Many of the details included in this chapter are taken from The Uncensored Dardanelles , by Ellis Ashmead-Bartlett. The referenced events of August and early September 1915 are covered on pages 180-244. Some of the key details included from Ashmead-Bartlett’s perspective, from this source include:

p. 206 – 21 August – An assessment that further frontal attacks were “sheer madness”.

p. 208 – 21 August – The attack planned for Hill 60 was “truly ambitious” against an entrenched enemy.

p. 218 – Ashmead-Bartlett’s provides a damning assessment of the planning of the August Offensive by the Commander-in-Chief Ian Hamilton and his General Staff, as an “over-complicated, faulty and almost fantastic scheme of operations” in which “Success was made to depend upon the troops performing impossible feats, in murderous frontal attacks, and, even if there had been no mistakes in execution, the plan could never have succeeded.”

pp. 220-221 – An assessment of the poor Anzac prospects of success, not given “even a gambling chance”, despite having highly capable, seasoned troops, due to the difficulty of the tasks asked of them.

pp. 228-230 – An assessment of the landing of the troops of the British New Army at Suvla as requiring surprise and speed, with speed depending on experience, but having none of these. He expresses a view that “it would have been mere child’s play” for the Dominion troops to occupy the Anafarta Hills.

pp. 233-234 – Doubts as to the strategic benefit of holding the Anafarta Hills, even if they had been seized.

p. 231 – An assessment that the frontal assault made against the Anafarta Hills and Hill 60 on 21 August was “cruel and useless”.

p.239 – He writes that Keith Murdoch: “…begs me to write a letter which he will carry through uncensored, telling the plain truth, which he can hand over to the Government.”

pp. 240-243 – The full text of Ashmead-Bartlett’s letter to British Prime Minster Asquith is provided. The first portion of this letter is included as quoted.

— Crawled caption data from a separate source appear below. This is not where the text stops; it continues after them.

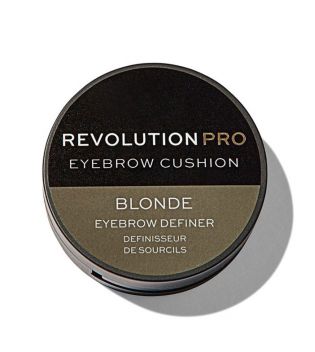 Revolution Pro - Teinte des sourcils Cushion - Blonde
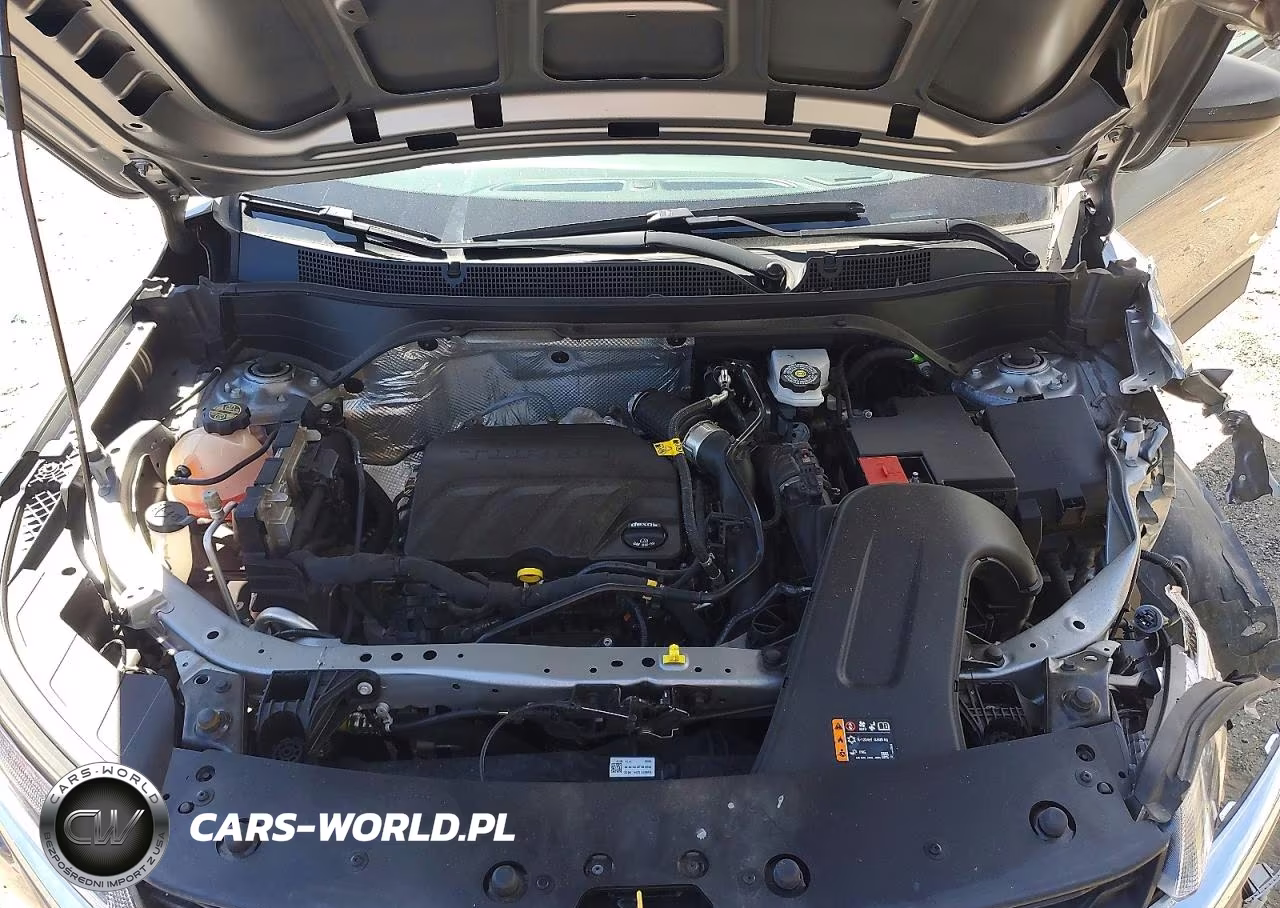 2024 Chevrolet Trax Ls VIN:KL77LFE23RC052735 - 11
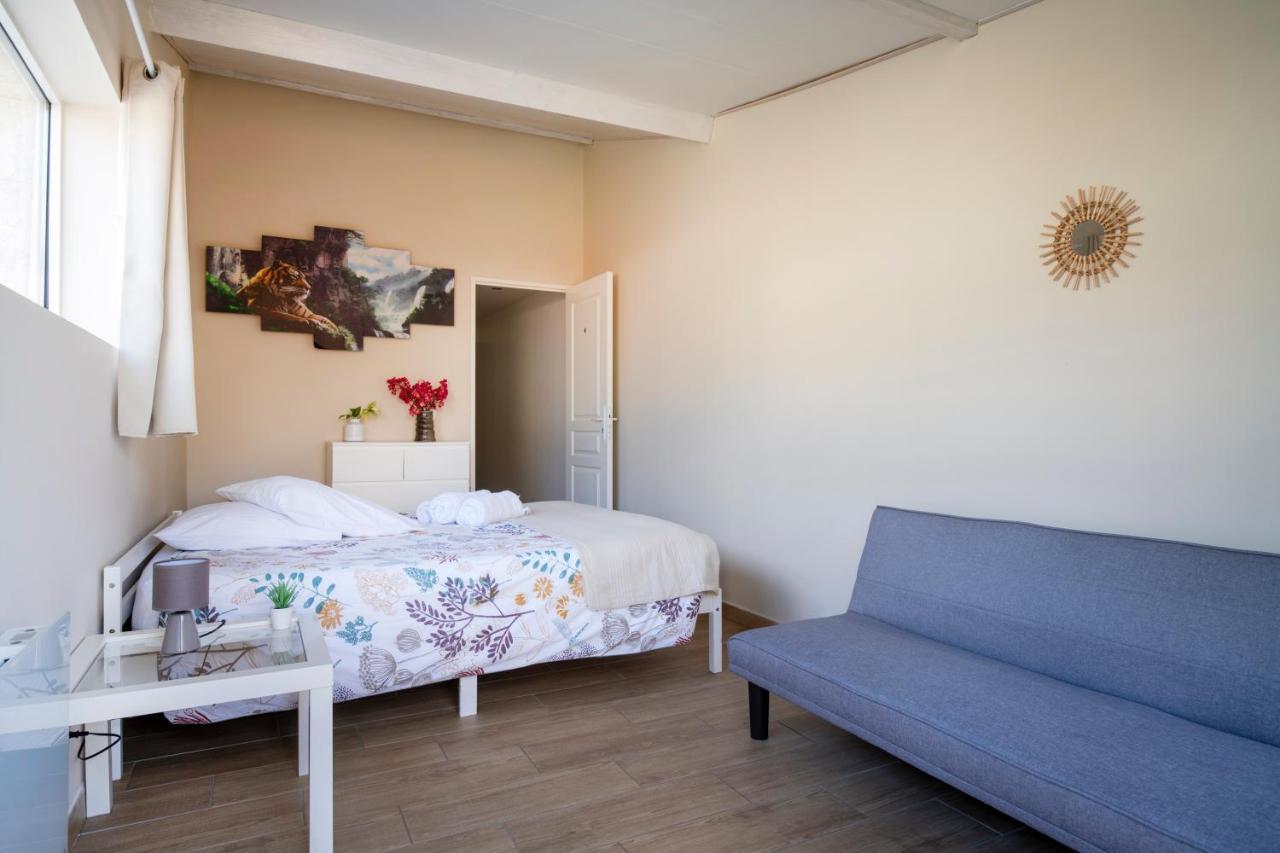 Chambre Privee Chez Les Maisons Loli'Days Saint-Medard-en-Jalles Bagian luar foto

p. 239, 240, 244 – Ashmead-Bartlett recorded on a number of occasions that he had written to the Newspaper Proprietors’ Association (N.P.A – ref p. 25), asking for permission to be allowed to return home. However, he felt obliged to stay.

p. 244 – Wind was blowing a howling gale from the north on 8 September, with the weather having turned much colder. This evening, Ashmead-Bartlett received a message that Ina Hamilton wanted to see him. Next day, Hamilton advised that photography had been banned by the War Office, but he considered this to be absurd and would continue to allow it.

In Gallipoli , Les Carlyon notes that there are differing accounts of how Keith Murdoch came into possession of the letter from Ashmead-Bartlett, and that contrary to Ashmead-Bartlett’s account, one of Murdoch’s biographers Desmond Zwar says Ashmead-Bartlett came to Murdoch and asked him to carry the letter to Asquith, and that Murdoch did not ask what was in the letter.